Boomerang
October 27, 2003
“Wine in the morning and some breakfast at night. Well, I'm beginning to see the light.”
I don't know if any of you reading this will think I'm crazy or not, but the guy at the border crossing sure did.
"What's your citizenship?"
"U.S."
"What are you doing in Canada?"
"Picking up a friend."
"Male or female?"
"Female."
"Is she your girlfriend or just a friend?"
"Just a friend."
"And what's her citizenship?”
“She's Canadian."
"How long will you be staying in Canada?"
"Just a day. We're driving back tomorrow."
"You drove all the way up from Brooklyn today?"
"Yes."
"And you're driving all the way back tomorrow?"
"Uh-huh."
"How long will she be staying with you in Brooklyn?"
"A week."
"And how is she getting back to Canada?"
"I'm gonna drive her."
He looked at me with that suspicious border patrol look, shook his head, and said, "Go ahead.”
The drive up was a breeze -- over the rolling hills of Pennsylvania, and under the falling orange leaves of western New York, marking the miles with the beautifully angled poses of dead deer. Deaths choreographed by Martha Graham and directed by Sam Peckinpah. I arrived around 9 p.m. with crooked eyeballs and twitching temples. "Are you hungry?
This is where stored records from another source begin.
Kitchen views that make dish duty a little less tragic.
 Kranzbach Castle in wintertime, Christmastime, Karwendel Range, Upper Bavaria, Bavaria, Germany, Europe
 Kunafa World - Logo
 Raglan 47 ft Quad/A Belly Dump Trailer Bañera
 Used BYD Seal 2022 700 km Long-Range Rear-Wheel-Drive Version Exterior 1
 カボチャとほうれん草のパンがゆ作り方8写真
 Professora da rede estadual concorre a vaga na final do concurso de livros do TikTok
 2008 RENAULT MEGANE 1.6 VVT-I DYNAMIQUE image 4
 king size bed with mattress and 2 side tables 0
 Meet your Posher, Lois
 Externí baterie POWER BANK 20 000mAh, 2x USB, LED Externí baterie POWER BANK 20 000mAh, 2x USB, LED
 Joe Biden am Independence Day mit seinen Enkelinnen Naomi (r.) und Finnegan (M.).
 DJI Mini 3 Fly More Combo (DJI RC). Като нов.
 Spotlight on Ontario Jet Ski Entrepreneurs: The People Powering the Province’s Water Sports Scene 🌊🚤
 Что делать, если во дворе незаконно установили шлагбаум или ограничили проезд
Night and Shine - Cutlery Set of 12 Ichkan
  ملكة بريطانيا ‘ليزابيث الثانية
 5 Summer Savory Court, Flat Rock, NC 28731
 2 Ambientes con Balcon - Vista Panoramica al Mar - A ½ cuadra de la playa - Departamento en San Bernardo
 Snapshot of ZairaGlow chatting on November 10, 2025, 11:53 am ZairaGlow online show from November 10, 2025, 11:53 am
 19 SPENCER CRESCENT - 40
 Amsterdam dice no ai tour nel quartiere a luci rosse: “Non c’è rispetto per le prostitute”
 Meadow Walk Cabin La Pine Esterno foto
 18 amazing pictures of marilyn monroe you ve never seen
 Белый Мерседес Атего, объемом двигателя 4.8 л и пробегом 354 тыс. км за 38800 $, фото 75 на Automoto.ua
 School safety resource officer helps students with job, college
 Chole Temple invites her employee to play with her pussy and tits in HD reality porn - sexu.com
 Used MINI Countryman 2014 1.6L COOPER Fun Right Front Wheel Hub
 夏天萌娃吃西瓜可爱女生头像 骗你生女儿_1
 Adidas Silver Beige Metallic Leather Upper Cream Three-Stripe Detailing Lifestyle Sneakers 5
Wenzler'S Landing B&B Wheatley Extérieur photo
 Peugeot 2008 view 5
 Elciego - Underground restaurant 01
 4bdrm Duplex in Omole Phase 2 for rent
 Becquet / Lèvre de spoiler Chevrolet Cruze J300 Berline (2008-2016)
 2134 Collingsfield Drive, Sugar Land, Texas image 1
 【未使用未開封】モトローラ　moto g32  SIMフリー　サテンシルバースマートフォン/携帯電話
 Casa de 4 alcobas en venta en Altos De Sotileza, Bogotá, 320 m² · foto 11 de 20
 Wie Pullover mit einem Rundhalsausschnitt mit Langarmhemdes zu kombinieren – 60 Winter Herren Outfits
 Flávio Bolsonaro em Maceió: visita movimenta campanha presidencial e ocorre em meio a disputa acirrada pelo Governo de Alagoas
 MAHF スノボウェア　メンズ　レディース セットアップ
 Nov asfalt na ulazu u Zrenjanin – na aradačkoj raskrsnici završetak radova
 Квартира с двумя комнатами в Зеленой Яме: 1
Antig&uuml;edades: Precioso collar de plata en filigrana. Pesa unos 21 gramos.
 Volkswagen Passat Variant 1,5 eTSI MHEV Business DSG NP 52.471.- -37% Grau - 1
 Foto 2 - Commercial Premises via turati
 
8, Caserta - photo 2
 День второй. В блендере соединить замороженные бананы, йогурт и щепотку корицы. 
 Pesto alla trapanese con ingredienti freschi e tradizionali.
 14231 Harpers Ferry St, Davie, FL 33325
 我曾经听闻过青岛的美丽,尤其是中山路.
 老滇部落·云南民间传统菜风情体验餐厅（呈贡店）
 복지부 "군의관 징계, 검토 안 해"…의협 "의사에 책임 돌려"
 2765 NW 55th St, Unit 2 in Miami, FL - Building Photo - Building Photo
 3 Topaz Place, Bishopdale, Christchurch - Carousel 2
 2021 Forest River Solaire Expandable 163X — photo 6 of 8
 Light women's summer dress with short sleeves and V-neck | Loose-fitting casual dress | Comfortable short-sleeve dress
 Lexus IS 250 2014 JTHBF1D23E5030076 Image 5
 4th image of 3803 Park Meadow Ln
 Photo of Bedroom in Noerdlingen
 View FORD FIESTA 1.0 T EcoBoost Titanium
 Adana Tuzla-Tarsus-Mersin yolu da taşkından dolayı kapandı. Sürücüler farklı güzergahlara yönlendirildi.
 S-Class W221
Do you want to eat something?" Raymi asked.
My stomach felt like a crumpled-up brown paper bag from all the crap I ate on the ride up, but yeah, I was hungry. The bar/restaurant we went to was having an office Halloween party. About a dozen pharmaceutical company employees dressed in rented costumes and dancing like middle school kids under the spastic colored lights. I couldn't believe it when they actually had a "Best Costume" contest. I mean, does someone really deserve a prize for getting to the costume shop earlier than everyone else?
We sat drinking and watching until Raymi couldn't take it anymore. She requested the DJ play a Justin Timberlake song, ran into the middle of the dork parade, and danced like a motherfucker. She blew those clowns clear off the floor. And that's not just an expression. They really were clowns. One of them was anyway.
The border patrol on the ride back was equally suspicious of what we were up to. "How do you two know each other?"
"Uh. The internet."
Yes, ma'am, that's right, I met a girl on the computer, young enough to be my niece, and I'm bringing her across the border to stay at my swinging bachelor pad in Brooklyn. What's with the attitude?
"What's going on down in Brooklyn?" she asked.
"Nothing." Raymi told her, "I'm just going down for a visit.
"Nothing?" she asked, scanning our faces for clues. "You're sure there's nothing else going on down there?”
What the fuck kind of question is that? We're going to New York fucking City. Of course, there's shit going on. The fact that there's more shit going on in New York than in suburban Toronto is the whole point of the visit.
"Hmm—" she said as I braced for more questions. But no. "Okay, go ahead.” And she waved us on.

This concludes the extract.